OBM: Aber wenn der ÖPNV nun unter rückläufigen Fahrgasteinnahmen leidet, erhöht ein kostenloses Angebot nicht diesen Finanzdruck?

Florian Janik: Der Finanzdruck auf den ÖPNV ist hoch, das war schon vor Corona so. Das ist ein grundsätzliches Thema und betrifft die Frage nach der Finanzierung des ÖPNV allgemein. Hier vertrete ich die Haltung, dass – sofern wir gesamtgesellschaftlich den Umstieg auf den Umweltverbund wollen – Bund und Land nicht nur den Bau von Infrastruktur, sondern auch den Betrieb unterstützen sollten.

„Experiment“: Wie der Gratis-ÖPNV auf Klima und Verkehr wirkt

OBM: Welche Effekte erwarten Sie denn von dem Gratis-ÖPNV auf die Kämmerei?

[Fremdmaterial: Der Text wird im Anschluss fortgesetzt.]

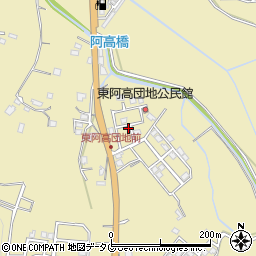 熊本県熊本市南区城南町東阿高449-43周辺の地図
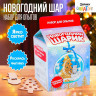 Новый год. Набор для опытов «Ёлочный шар», снеговик с ёлочкой, диаметр 11 см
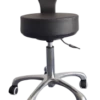AFSWIVSTL/BLK | Curved Back Therapist Stool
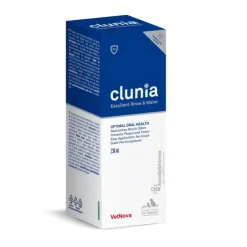 Clunia easy dent rinse & water para salud bucodental de perros gatos caballos 236 ml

Florian Janik: Tatsächlich wissen wir noch nicht, wie sich unser Vorhaben im Detail finanziell auswirkt. Wir erfassen zunächst, wie viele Personen das Kostenlosangebot überhaupt nutzen. Je mehr Personen es nutzen, umso höher wird die finanzielle Belastung der Stadt. Denn jede Kostenlosfahrt „kauft“ die Stadt beim Verkehrsverbund Großraum Nürnberg, dem VGN. Wir haben uns dazu entschieden, diese Leistung für unsere Bürger zu übernehmen. Für uns ist es ein Experiment, wir sammeln derzeit Erfahrungsdaten. Auch wir sind neugierige Beobachter und sehen dem Ergebnis entgegen, wie sich ein solches Angebot auf lokale Verkehrs-, Klima- und Umweltdaten auswirkt.

OBM: Wenn Sie vom Experiment sprechen: Ist das Vorhaben denn zeitlich befristet?

Florian Janik: Das liegt letztlich in der Hand des Stadtrats. Doch die Einführung des Gratis-ÖPNV ist nicht befristet.